Volodymyr Zelenskyy pushes to ‘accelerate’ defences on Ukraine frontline

President Volodymyr Zelenskyy is pushing to speed up construction of military fortifications at key points along the frontline in eastern Ukraine, where Russian forces have stepped up attacks in recent weeks.

The drive came as Zelenskyy admitted Ukraine’s counteroffensive against Russia had not achieved its goals. He placed part of the blame on the slow pace of western military aid to Kyiv.

Zelenskyy’s appeal to reinforce his military’s positions, made in an address, appeared to signal a strategic shift to defence after the counteroffensive launched in summer that aimed to retake significant areas of territory under Russian occupation.

Zelenskyy told the Associated Press in an interview in the Kharkiv region published on Friday that the onset of winter marked “a new phase of war, and that is a fact”. On the summer counteroffensive, he added: “We wanted faster results. From that perspective, unfortunately, we did not achieve the desired results. And this is a fact.”

Zelenskyy’s comments followed a day of visits to frontline positions in the eastern Kharkiv region and the southern Zaporizhzhia region. He was joined by Defense Minister Rustem Umerov, and the two were photographed meeting in Kharkiv with the commander of Ukraine’s ground forces and the general leading Ukraine’s forces in the country’s south.
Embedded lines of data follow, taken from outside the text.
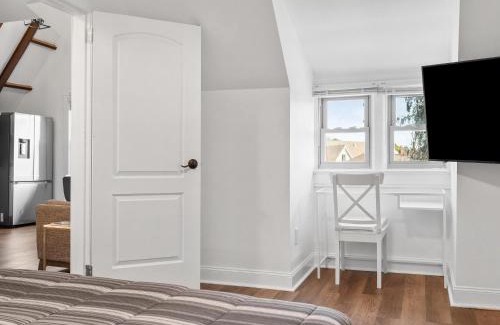 Shadyside Apartment | Shadyside, Pittsburgh, Modern and Stylish 1 Bedroom Unit5 with Free Parking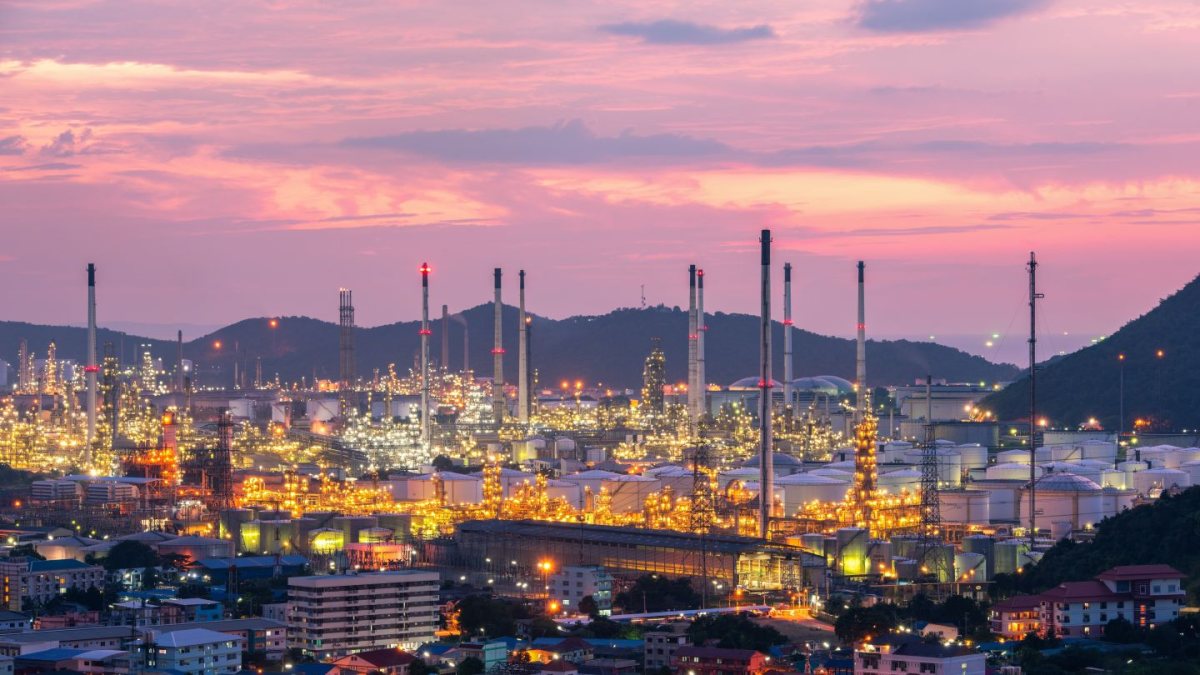 Ghana signs $28bn Jomoro petroleum hub expansion deal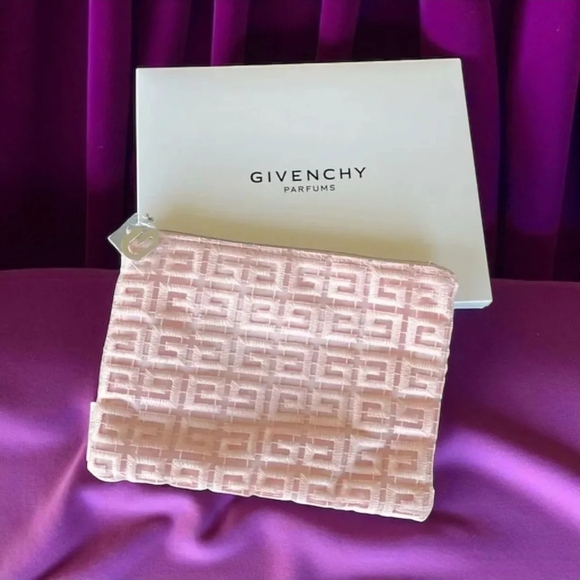 Givenchy Light Pink Cosmetic Bag Woth Gift Box - Picture 1 of 1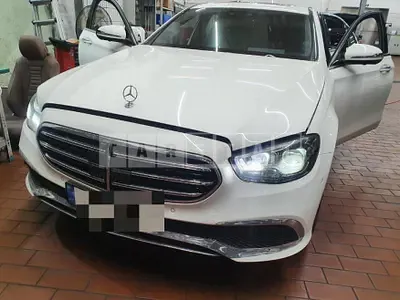 Photo 1 of 13: 2022 Mercedes-Benz E250, VIN W1KZF4FB7NB024710 — Korean insurance auction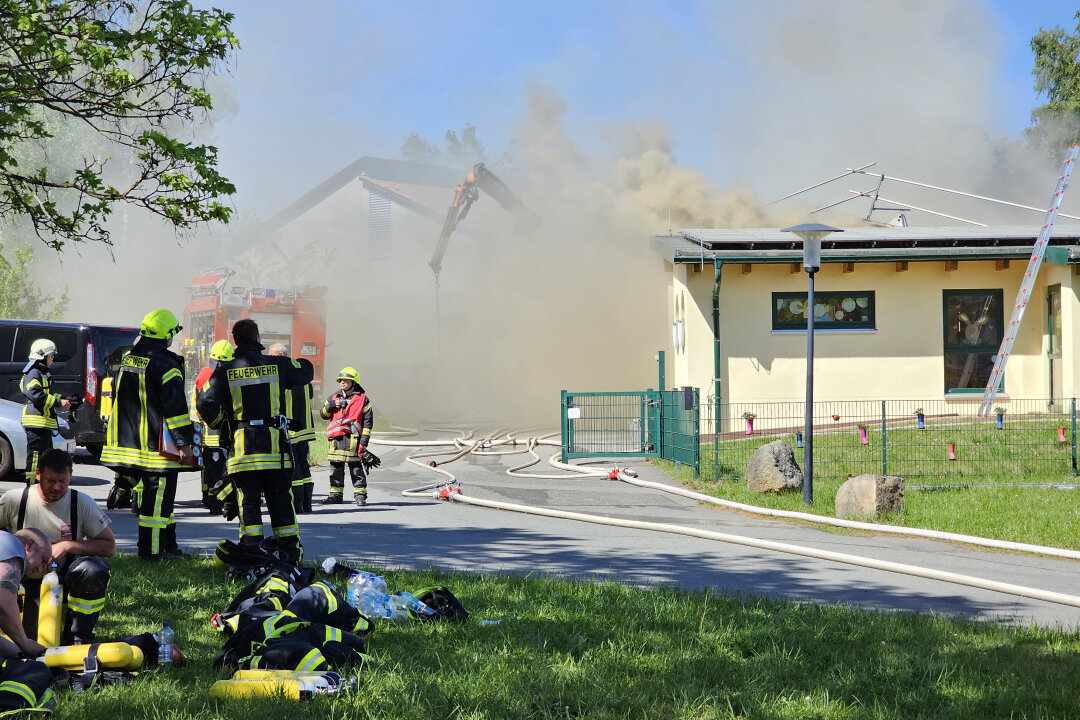 Brand in Kindertagesstätte: Schnelle Evakuierung verhindert Verletzte - Die Kita in Steinberg brennt. Foto: Mike Müller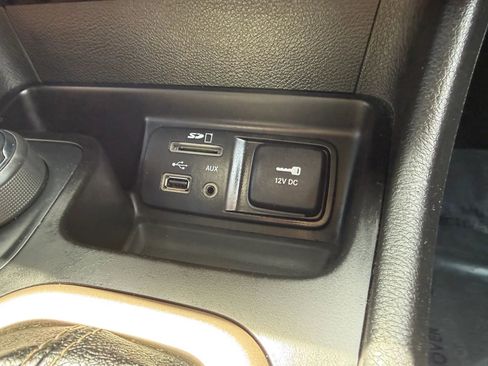 Used 2017 Jeep Cherokee Latitude AWD/4WD image 25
Notably absent from the photos was Valeriy Zaluzhny, the popular commander-in-chief of Ukraine’s armed forces, with whom Zelenskyy has had disagreements over the handling of the counteroffensive, according to several people close to the president.

“In all major areas . . . we need to boost and accelerate the construction of [defence] structures,” said Zelenskyy in his address on Thursday, laying out areas in the Donetsk, Kharkiv, Sumy, Chernihiv, Kyiv, Rivne and Volyn regions, along with southern Kherson, where the defences would be focused.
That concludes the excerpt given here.